Lui, moi et le vécu... ou la difficulté de rompre en douceur
En quelques phrases et en quelques gestes, j'ai été blessé. Il ne s'en est pas rendu compte je crois. Ce n'est pas la première fois que cela arrive, mais cette fois, le temps semble s'être arrêté.
Je n'arrive plus à être heureux. Trop de désillusions, de rêves de gosse qui ne se réaliseront pas et cette pseudo vie dans notre société de consommation où seul le shopping est devenu important. Alors, je suis triste. Triste de ne pas avoir pu vivre 1/10e des merveilleuses choses que nous aurions pu vivre ensemble. Triste à mourir de ne plus que l'entre-apercevoir.
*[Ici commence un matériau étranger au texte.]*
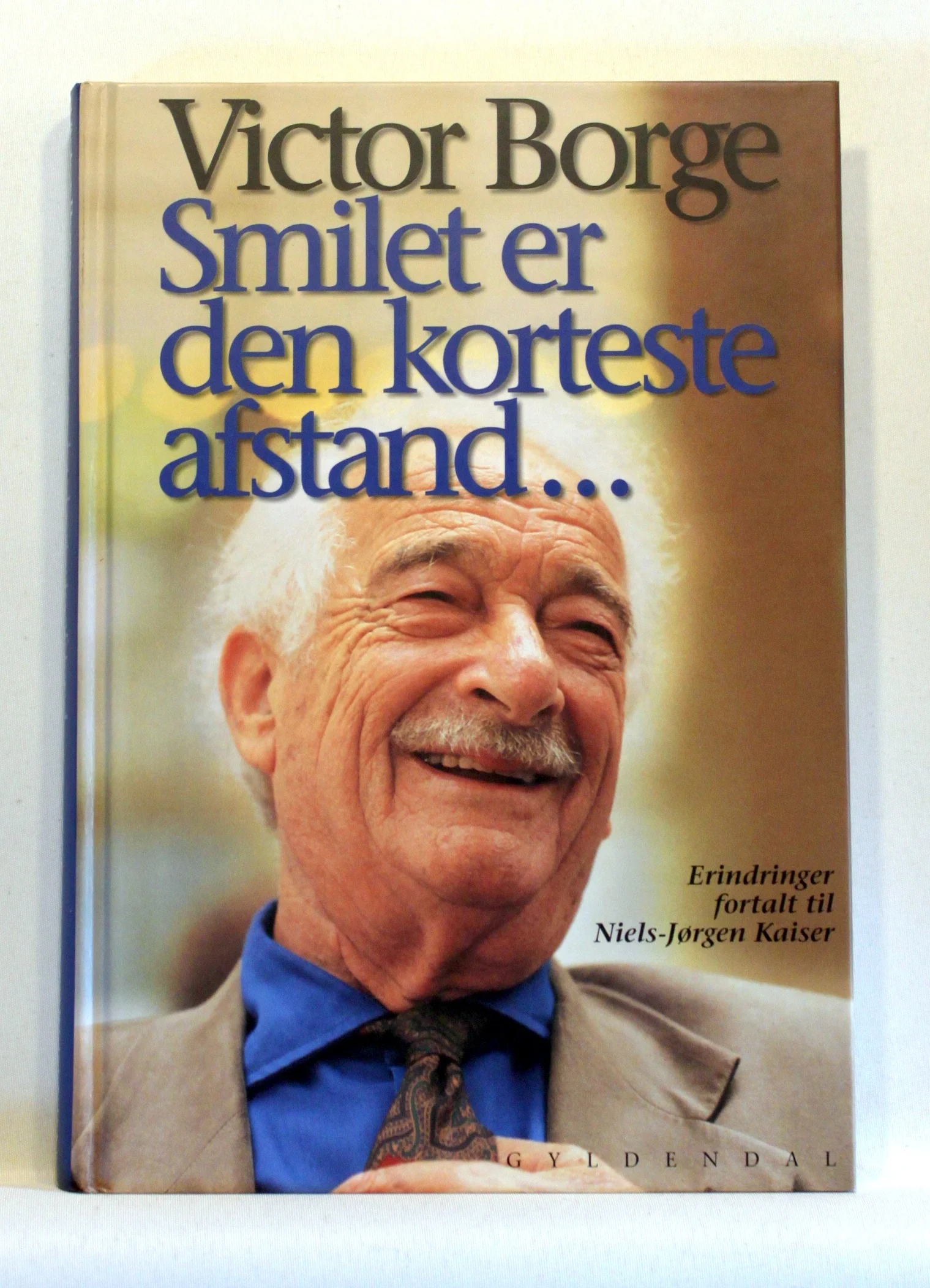 Smilet er den korteste afstand… Erindringer fortalt til Niels-Jørgen Kaiser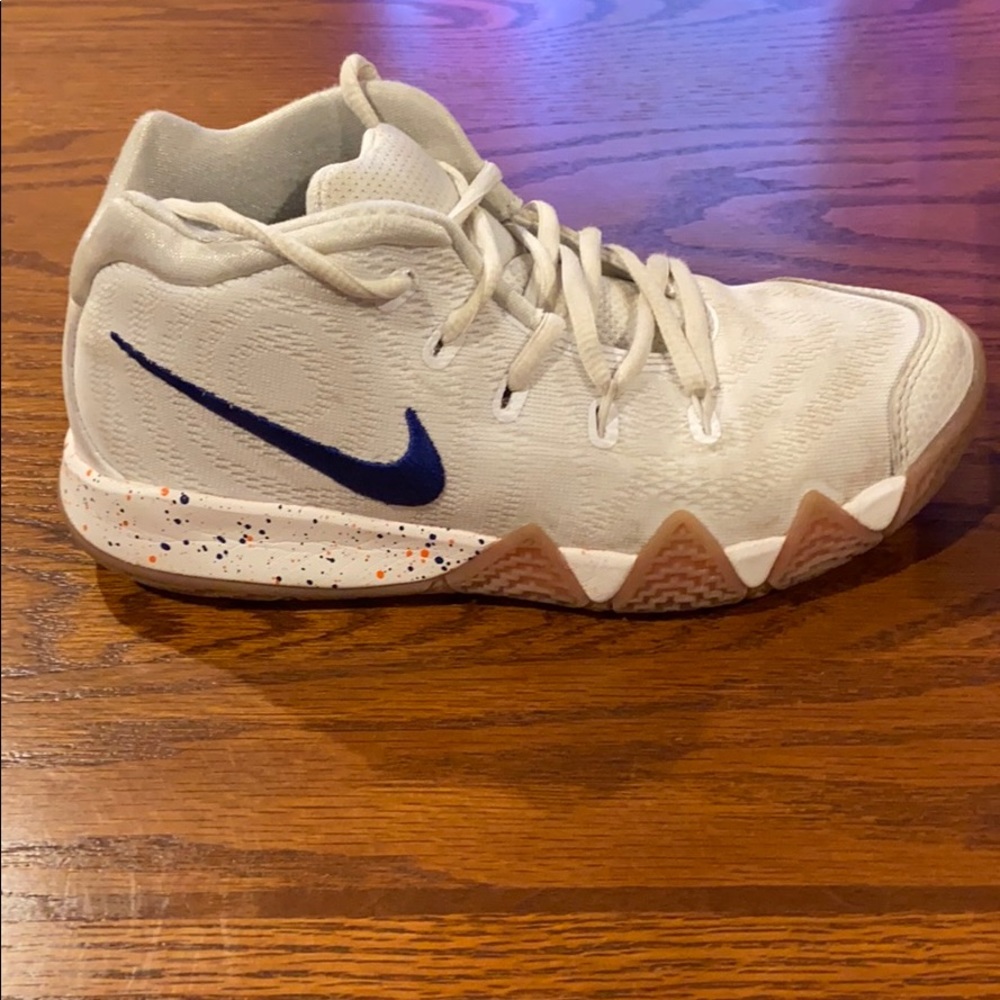 Nike Kyrie 4 (PS)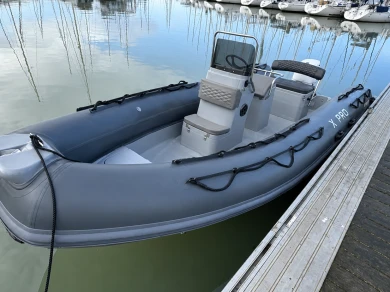 Yacht charter Larmor-Plage - 3D Tender X Pro 589 on SamBoat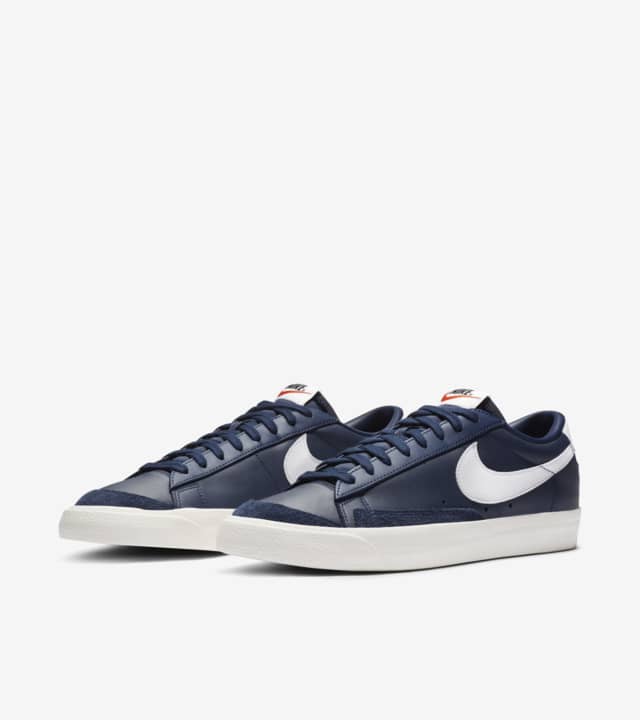 スリムなデザイン Nike Blazer Low 77 Vintage ビンテージ スタイルで登場 Represent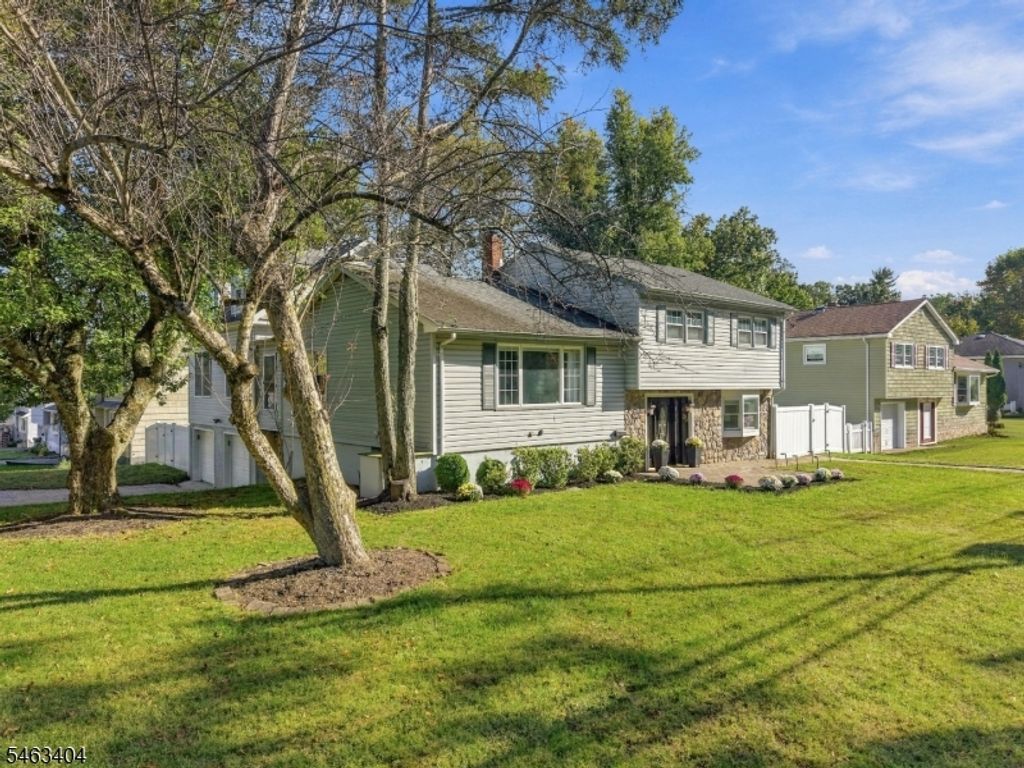 223 Fairview Ave, Verona Twp., NJ 07044 — photo 2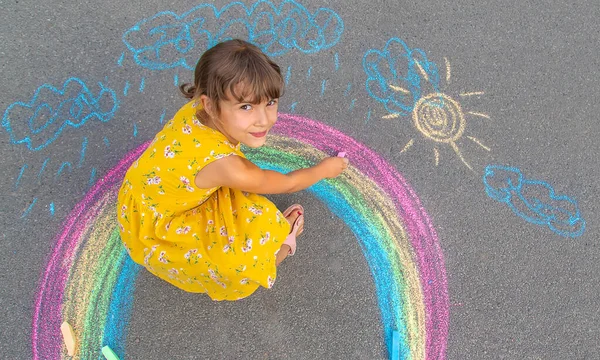 Enfant Dessine Arc Ciel Sur Asphalte Concentration Sélective Gamin — Photo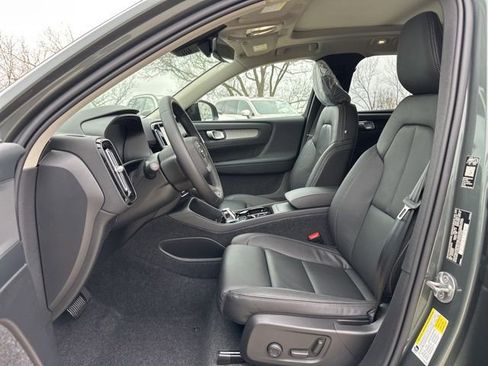 New 2026 Volvo XC40 B5 Plus w/ Climate Package image 14
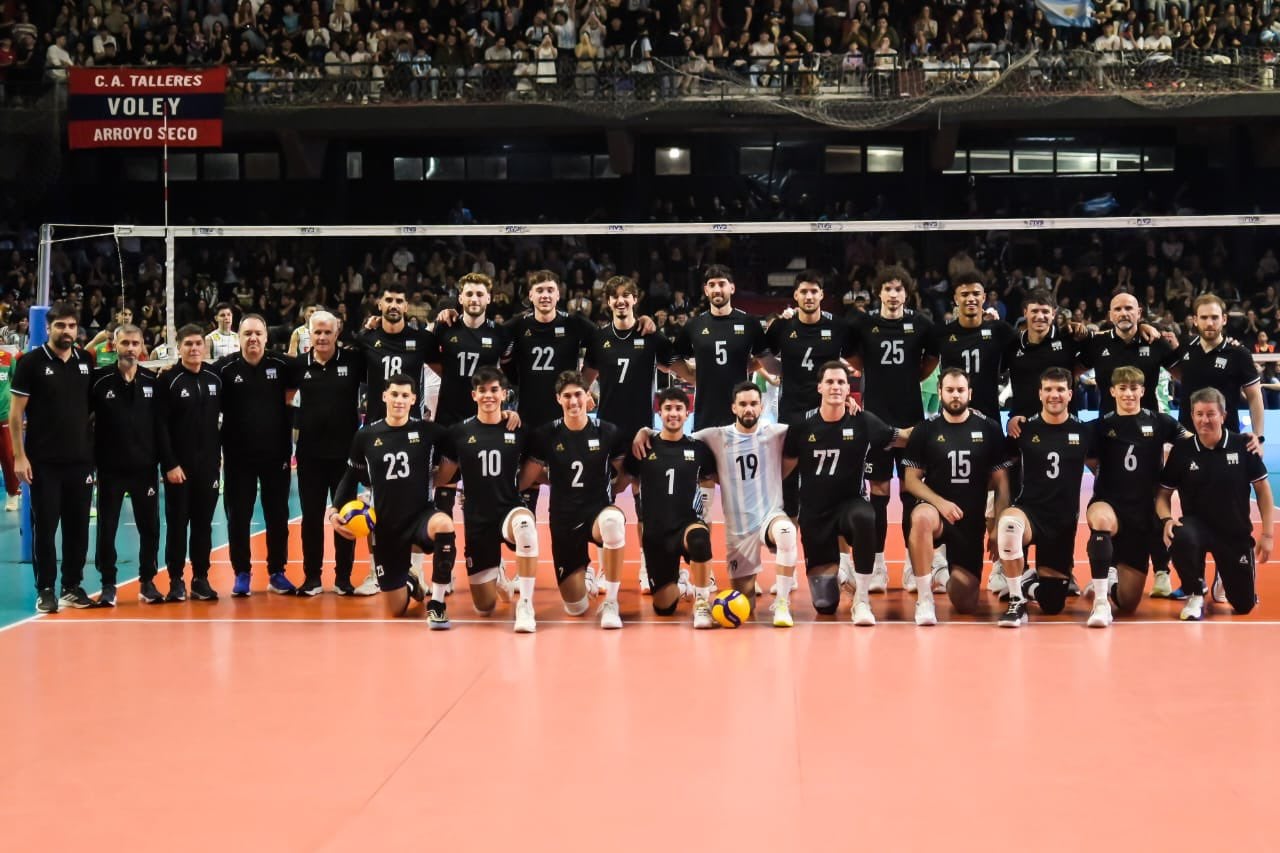 El plantel con el que la selección argentina de vóley afrontó la preparación para la VNL 2026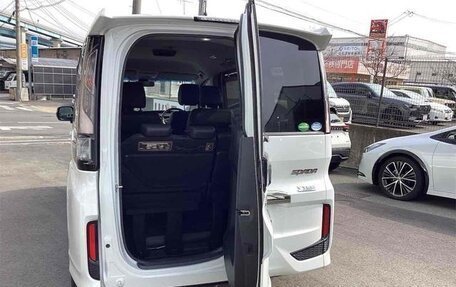 Honda Stepwgn IV, 2019 год, 1 661 000 рублей, 7 фотография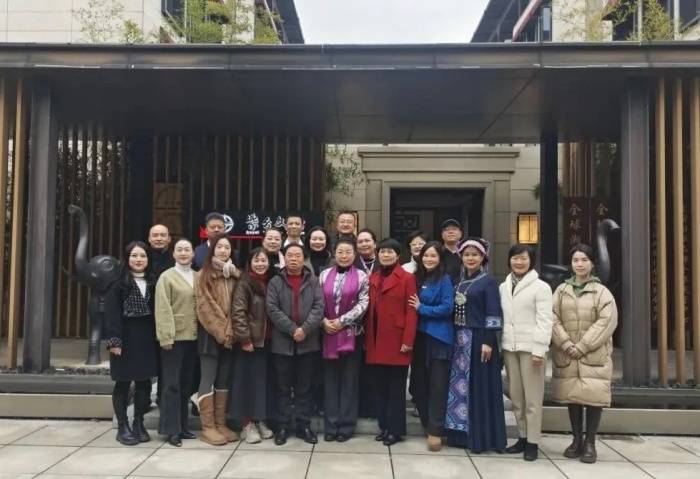 汇聚爱心力量·共筑母爱书院：湖南母爱书院筹备恳谈会在长沙成功举行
Triste de le voir et de devoir, avec difficulté, dissimuler des sentiments.
Nous avons échangé des sms tout à l'heure. Il pense que je suis buté. Me dit que le bonheur "ça se travaille", "que la vie devient ce qu'on en fait". Il me parle de "mérite" et de "frustration". Il oublie un paramètre cependant : celui du vécu. Les choses seraient différentes si je pouvais réécrire mon vécu.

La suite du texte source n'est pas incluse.